As I write this I am lying down on my living room carpet looking up at my eagles, and they seem to tell a different story.  Art is alive; but it is also mine because it transforms not only the environments it is placed in, but also the people who encounter those objects and each other. It would be a pity for Batswana, and I’m sure many other Africans, to be denied this simply because healthcare, community development and education are much more immediate priorities. Art is anything but exclusionary; it takes the shape of whatever vessel it comes into contact with. Communities that wish to reflect the best and the worst of themselves in order to change behaviors, historians who learn much about our past based on the stories left behind on cave walls and tongues, and the clinically depressed woman down the road who at age fifty has just ‘discovered’ the therapeutic effects of writing poetry, they know the far reaching personal effects of art.

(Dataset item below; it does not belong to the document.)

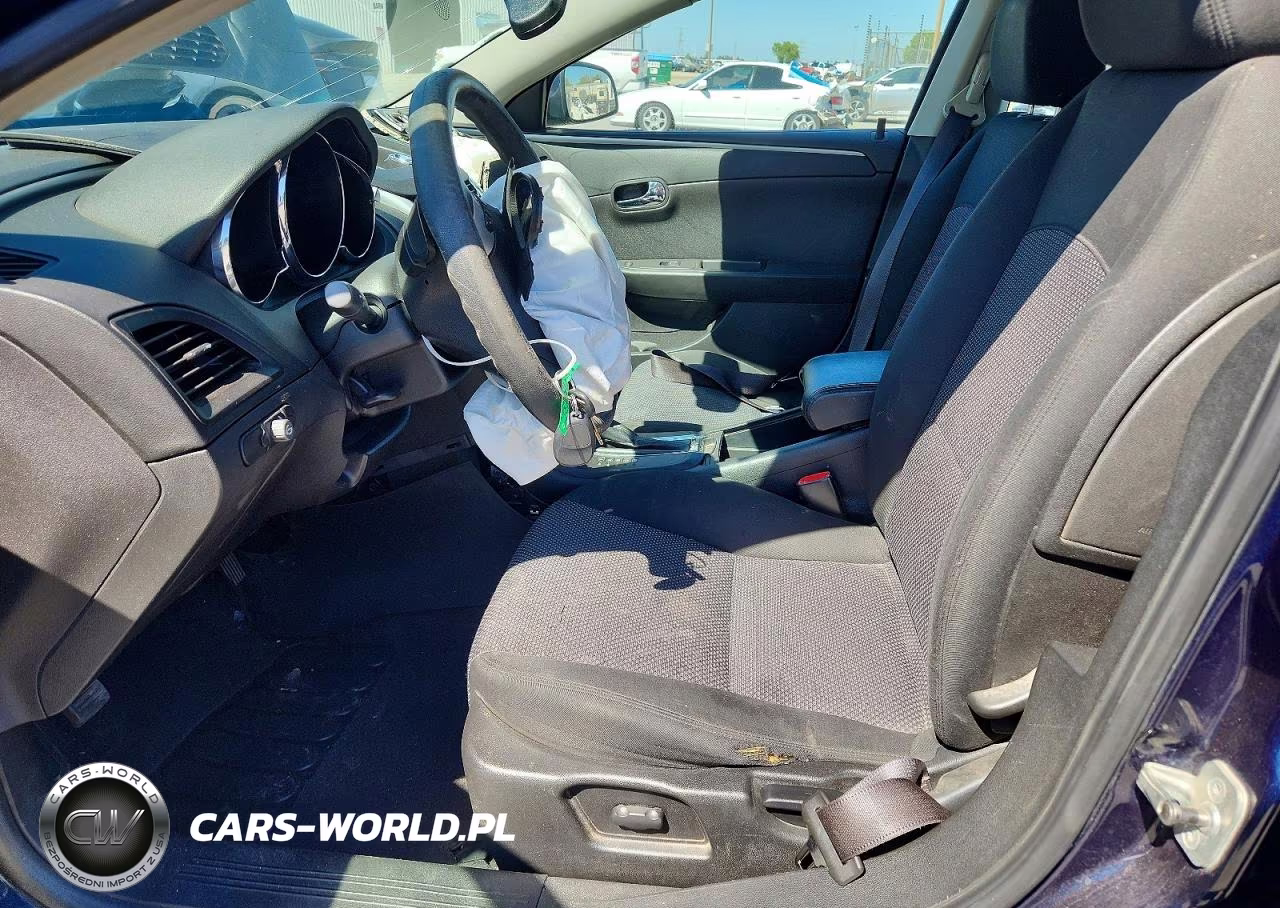2009 Chevrolet Malibu 1Lt VIN:1G1ZH57B39F234673 - 7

*the masculine term denoting an artistic bum – which assumes no good can come of giving your heart to art.

Tjawangwa Dema is a BLF Guest Author and is a Botswana based spoken word artist. She’s the Chairperson of the Writers Association of Botswana and the Managing Director of SAUTI Arts and Performance Management. She’s a blogger and some of her writings can be found at:www.tjdema.blogspot.com

Guest Author

I am a guest contributor but also an avid reader of this blog.

One Response to Unpacking Africa’s Intangible Heritage: Aesthetic Africa

  1. Thank you for this article Tjawangwa. I really enjoyed reading it; it’s a breath of fresh air. I loved this self affirmation that “As a Motswana I come from a culture embodied in the oral form. Performance is as native to us as the dirt we stand on.” And I would go further to extend it to say that as Africans we are a talking and moving nation. Its always something that has bothered me that often than not we don’t see value in protecting our own, but are always quick to emulate foreign cultures. It really got me thinking. Thank you, very well written!